では、どうすれば良いか。「食は、人生と自然を分かち合う一つの方法であり、体と心を最善の状態にするための手段であり、自然との触れ合いを見直し、これを失わないようにするための貴重な機会」ということを強く認識した上で「糖分なしで健やかな暮らしを好き送るのは難しい。糖分を摂取すると、自己を制御しやすくなるから。なので、砂糖に変わるものを見つける必要がある」「食物の無駄を減らし、地産地消を優先し、肉食を減らし、季節の果物や野菜を食べ、温室効果ガス排出を削減する」「ゆっくり食べる。よく噛んで、時間をかけて食べることで、食べすぎを防ぐ」「会話で健全な食を促す。我々は会話によって自分たちの食を正しく知ることができる」「食品業界が有無を言わさず押し付ける食品に異議を唱える」「飽食の社会で暮らす人が節食するのは、本人ならびに地球環境にとって有益。定期的に、1日のうち連続14時間は何も食べないというような、連続的で秩序立った断食が効果的」などと提言する。
難しいように感じるが、「すべての答えは、われわれの歴史、そして、各自の明晰さ、反骨精神、勇気に宿る」の言葉に力をもらって、進むしかないんだろうな。

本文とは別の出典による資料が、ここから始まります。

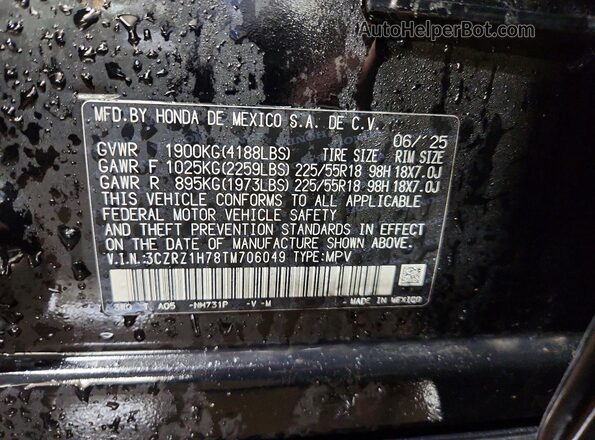 3CZRZ1H78TM706049 2026 HONDA HR-V Черный Вид наклейки с VIN-кодом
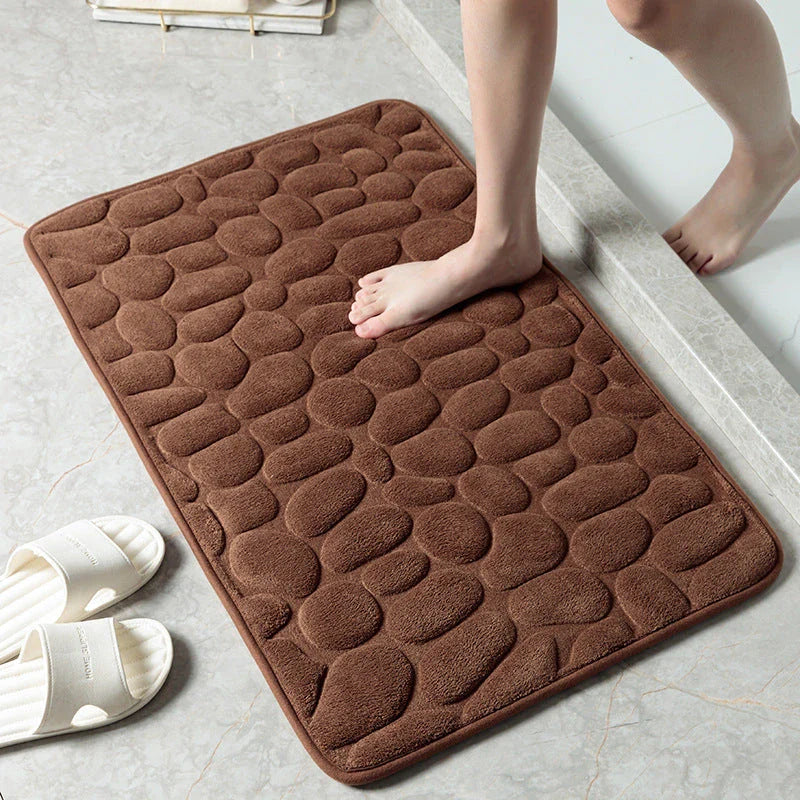 Hhomeenjoy  Embossed Cobblestone Memory Foam Bath Mat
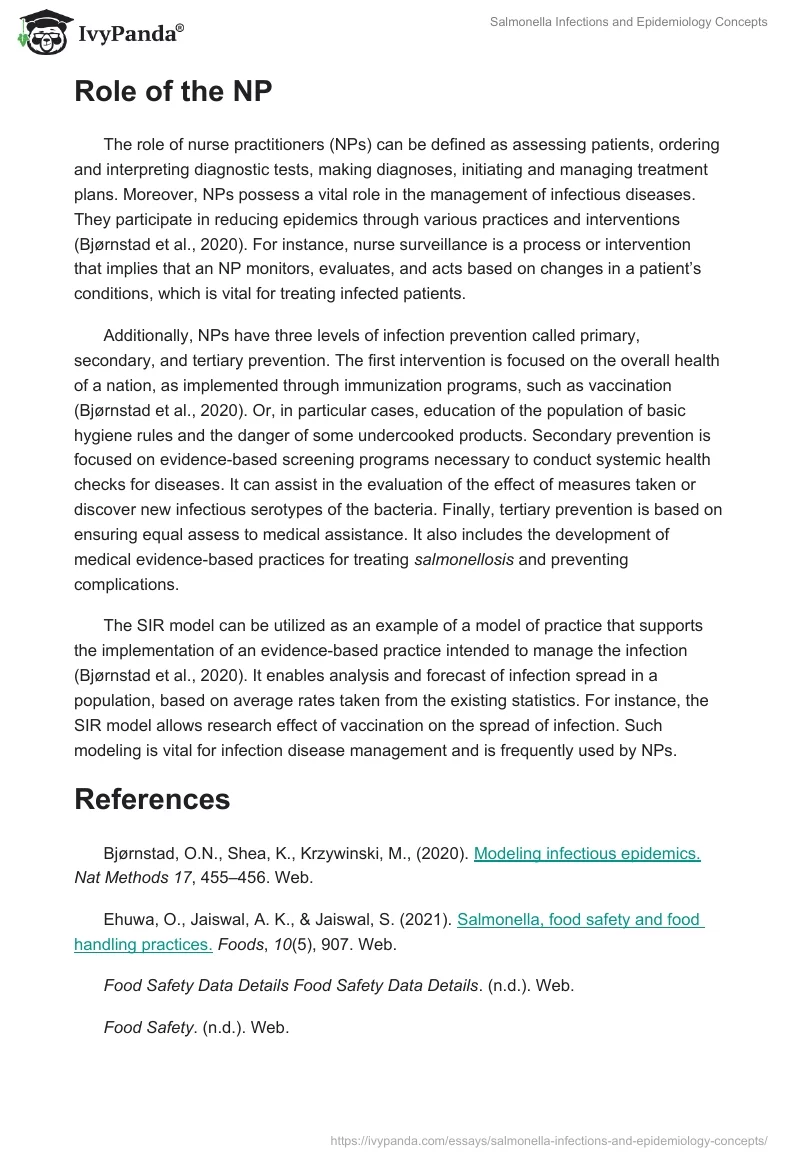 Salmonella Infections and Epidemiology Concepts. Page 3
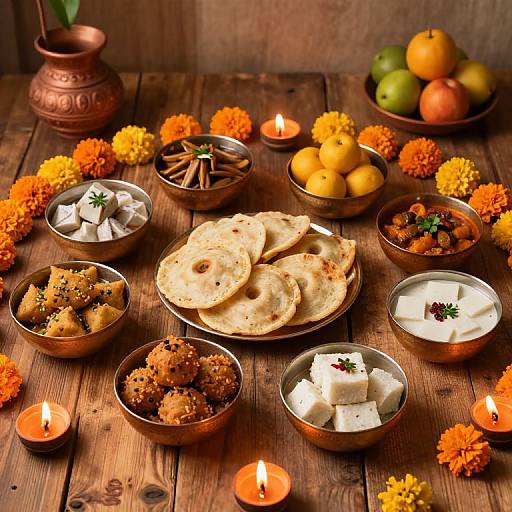 Navratri Festival Traditional Feast Setup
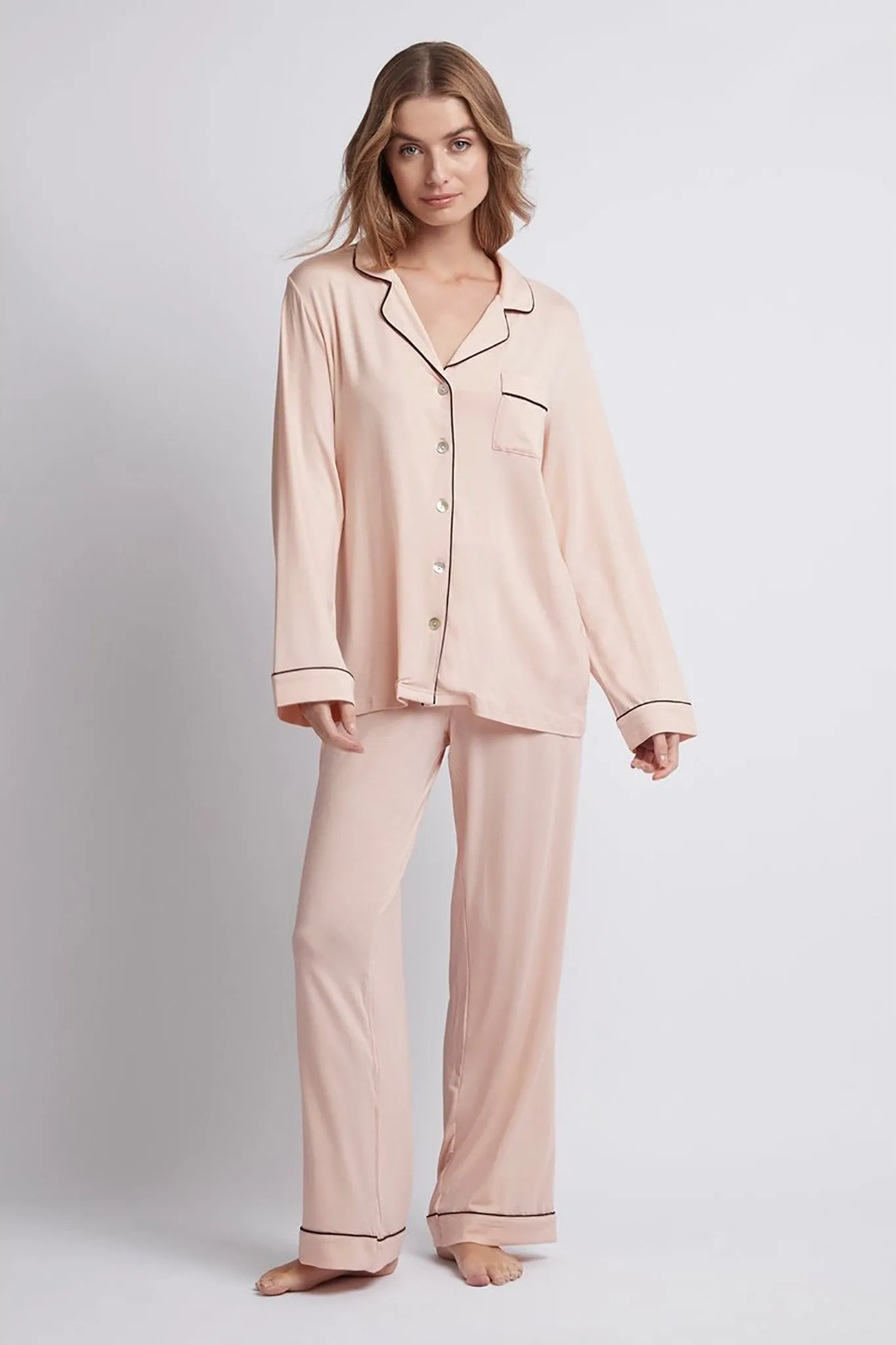 Petra Tencel™ Lounge Pyjama Set - Blush with Black Piping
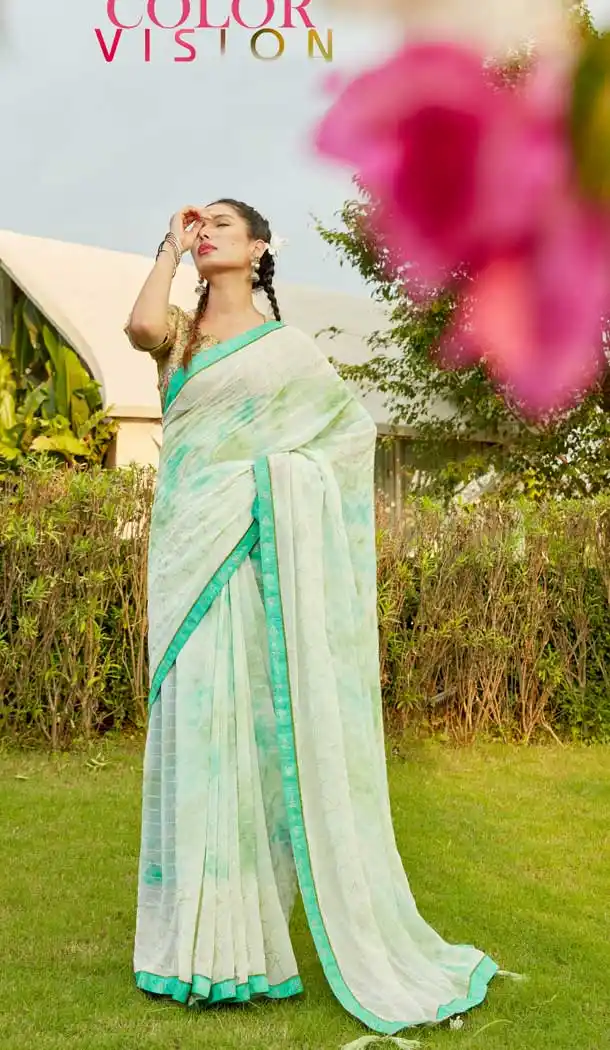 Off White Color Georgette Thread Sequence Work Party Wear Casual Saree -5065159576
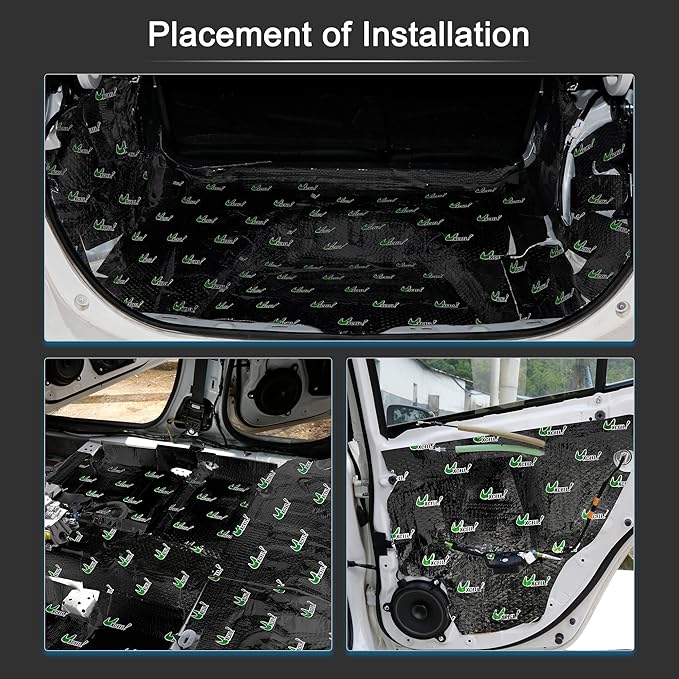 uxcell 10pcs 80mil 25sqft Car Sound Deadener Heat Insulation Mat Butyl Pad Damping Self Adhesive Deadening Material Door Roof Automobile Sound Barrier Black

コロナ禍真っ只中で、会食が悪とされる日本にいると、「話すことと食べることは不可分であり、権力と性行為、生と死という人間の本質に還元される」「食事中の会話は親交の証」「食事は出会いと会話の場であり、これは世界中の旅先においても同様」というモノがぶった切られでいて、本当に生き苦しい。そして、こうした歴史が積み上げてきたものが、アフターコロナで「個食」に駆逐されないようにしないといけない、と強く感じる。


筆者の叡智と強いメッセージが印象的だが、地域・過去の掘り下げも楽しめる。「ギリシア人は、酩酊状態を三つの段階に分けた。一つめは、抑圧から解放されて自由に発言する段階だ。二つめは覚醒する段階だ。三つめは酩酊するだんかいで、これは創造性の段階と見做された」「ラテン語の『安定的に位置づける、強くする、強固にする』という意味の『staurare』に接頭辞の『re(再び)』を付けると『restaurer』という動詞になる。その現在分詞が『restaurant;レストラン』」はその一例だが、筆者の博覧強記ぶりには舌を巻くばかり。


本当に面白く、これは是非一読をお薦めしたい。